* _How to complete this task_: Transcribe exactly, and without pictures, only the lines from the one bearing "Art Print : Carmontelle, Daniel-Charles" through the final line of the data below.

* _Recorded data_:
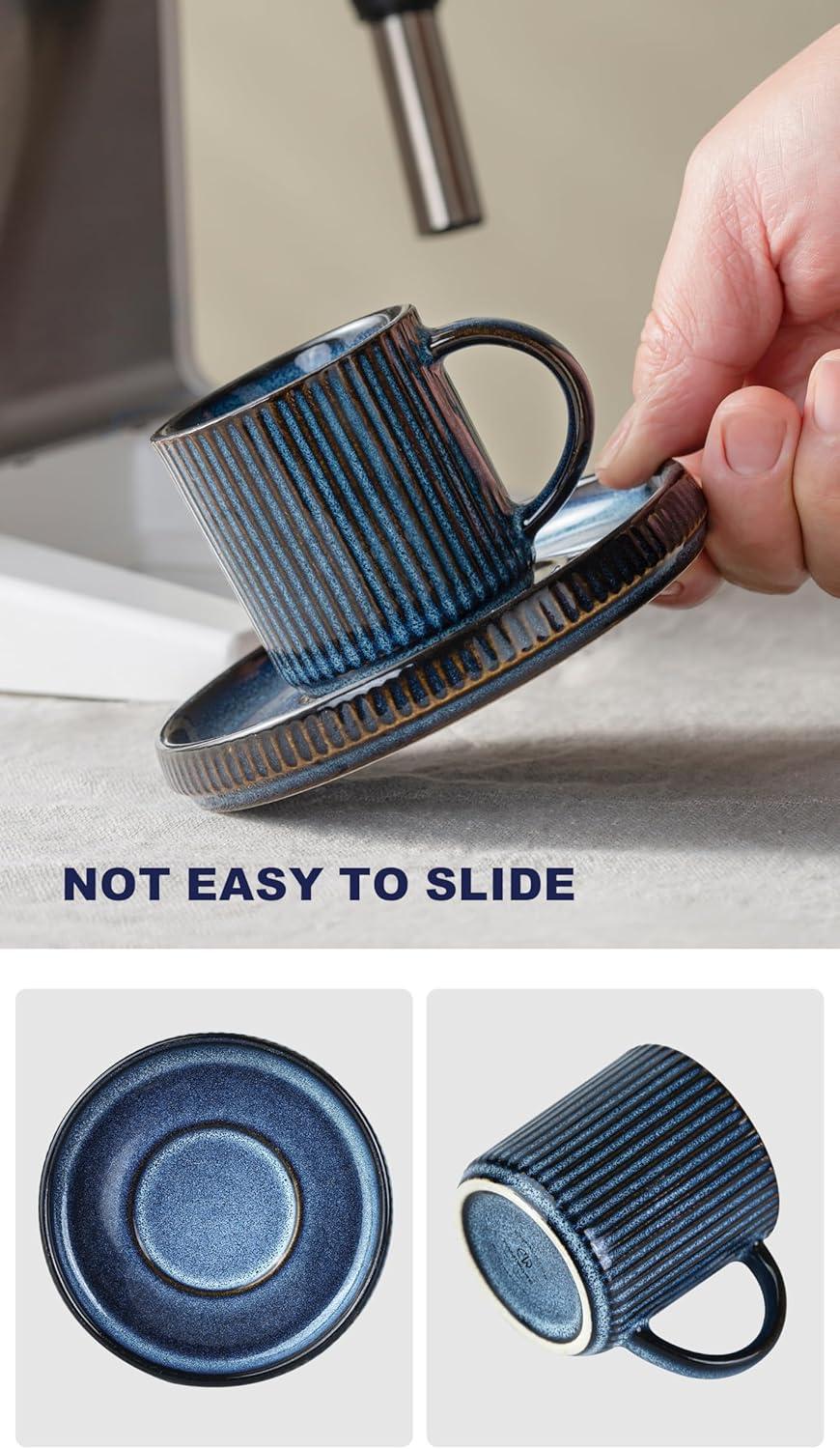 Espresso Cups and Saucers Set of 4, [ Mini ] 3 oz Ceramic Small Coffee Mug with Handle, Ribbed Stoneware Demitasse Cup for Tea, Latte - Microwave & Dishwasher Safe - Nebulas Blue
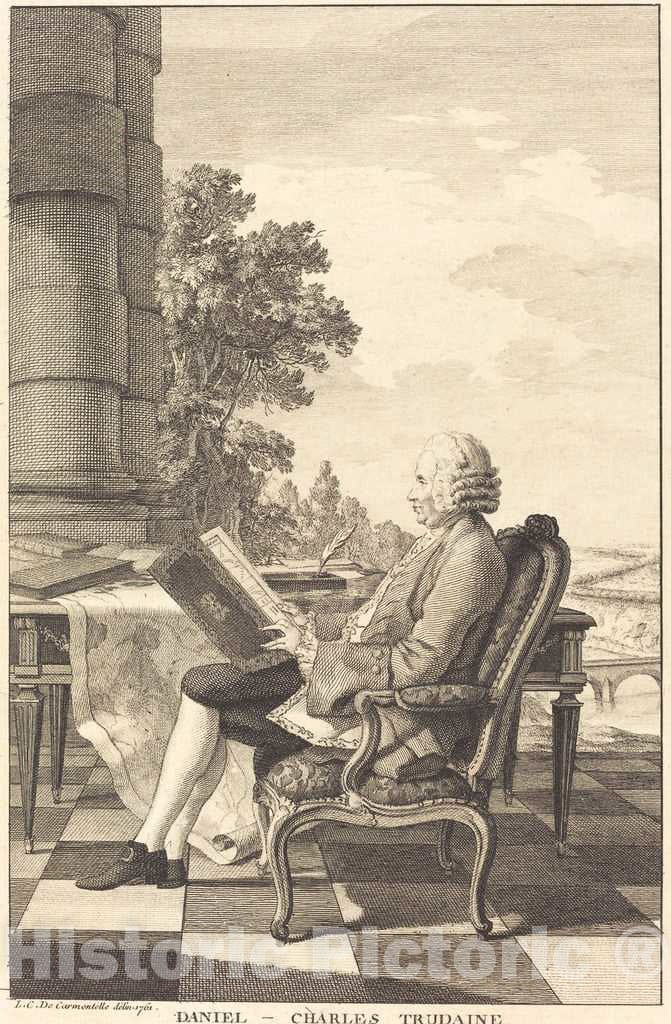 Art Print : Carmontelle, Daniel-Charles Trudaine, c. 1761 - Vintage Wall Art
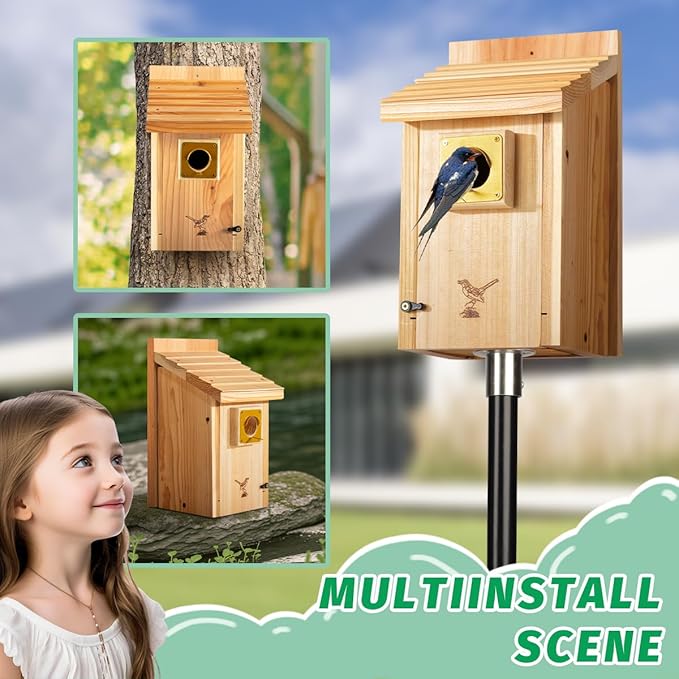 Premium 2pk XXXLL Bluebird Houses for Outside,Heavy Duty Western Red Cedar Audubon Bird House for Outdoor,Wall Pole Mountable,1.5” Metal Guard Hole 13/16" Thick, Assembling Need, 2026 Updated Version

* _Written response_:
 Art Print : Carmontelle, Daniel-Charles Trudaine, c. 1761 - Vintage Wall Art
 Premium 2pk XXXLL Bluebird Houses for Outside,Heavy Duty Western Red Cedar Audubon Bird House for Outdoor,Wall Pole Mountable,1.5” Metal Guard Hole 13/16" Thick, Assembling Need, 2026 Updated Version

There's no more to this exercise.